#### The problem
The lines to repeat are those below from the one containing "דירה Olivia Sunny 2 Bedroom Punta Prima *" down to the one containing "Synrise (Soulwax Remix) - GOOSE", both included; reproduce them exactly and nothing else.

== Source records ==

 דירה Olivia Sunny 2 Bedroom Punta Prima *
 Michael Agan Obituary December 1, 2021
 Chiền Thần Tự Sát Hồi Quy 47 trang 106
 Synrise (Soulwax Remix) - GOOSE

===
== Source records ==

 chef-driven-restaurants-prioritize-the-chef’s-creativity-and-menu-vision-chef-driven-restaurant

===

#### Solution
 דירה Olivia Sunny 2 Bedroom Punta Prima *
 Michael Agan Obituary December 1, 2021
 Chiền Thần Tự Sát Hồi Quy 47 trang 106
 Synrise (Soulwax Remix) - GOOSE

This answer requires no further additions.